Monday, April 8, 2019

The Taking Boy


The Giving Tree by Shel Silverstein is a great book.

I don’t like it.

I don’t like it for practical reasons. One harvest of apples from one tree will not create wealth. The branches of one tree are not enough to build a house. The trunk of one tree is not enough to build a boat that you can sail away in. Realistically, the tree is not enough to do the things the boy wants to do as he grows older. Finally, once a tree has become a stump, is it still a tree? I think not.

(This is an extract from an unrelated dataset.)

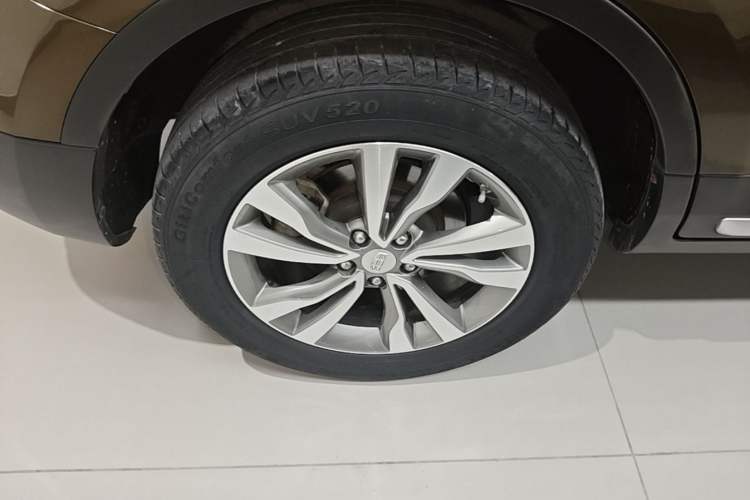 Used Geely Auto Emgrand X7 Sport 2016 1.8TD Automatic Smart Model Exterior 5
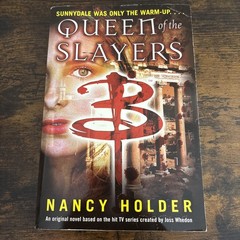 Queen of the Slayers Paperback Book ￼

I don’t like it for thematic reasons. The boy never grows as a person. He gets old, but he is still just as selfish. Nothing resolves in this book. The tree gives and the boy takes. Of course, it didn’t start like that. It started in a pure place, went dark, and is left with the devastation of the dark.

Give me Green Eggs and Ham, where we go from not liking a food we have never eaten to trying it and realizing that we do like it! Give me Thy Friend, Obadiah, with a boy who realizes that the bird is his friend, and he is the bird’s friend, too. Maybe that is why I don’t like The Giving Tree, because I wasn’t raised on it.

I don’t like it for personal reasons. The boy is too much like me. The tree is too much like me.

Like the tree, I have had people in my life that I loved and that I enjoyed being around. At first, we enjoyed one another’s company, but after a while they began to take and to take. They have taken all that I have to offer, and, unlike the boy turned old man, they do not desire to sit awhile. I am left as a stump, and they are either out of my life or texting me wanting me to give them more of what I no longer have.

Like the boy, I have taken from others. There are people in my life from whom I have taken their apples, I have taken their branches, I have taken their trunk, and I have left them as a stump. Maybe I will live out my days sitting on the stumps of old friendships. Maybe I will go away and never return. I dislike the boy; he is so much like me.

The Giving Tree does not resolve, it needs something more, but it does not give it to us.

The only way I know to resolve The Giving Tree is with the Gospel of Jesus. Jesus came to save us from ourselves, from the darkness of the world, from the tyranny of The Giving Tree. Jesus saves us from the consequences of our selfishness, from the consequences of giving beyond ourselves. The Giving Tree is about a relationship destroyed, and Jesus is the one who restores. The Giving Tree needs Jesus, and so do I.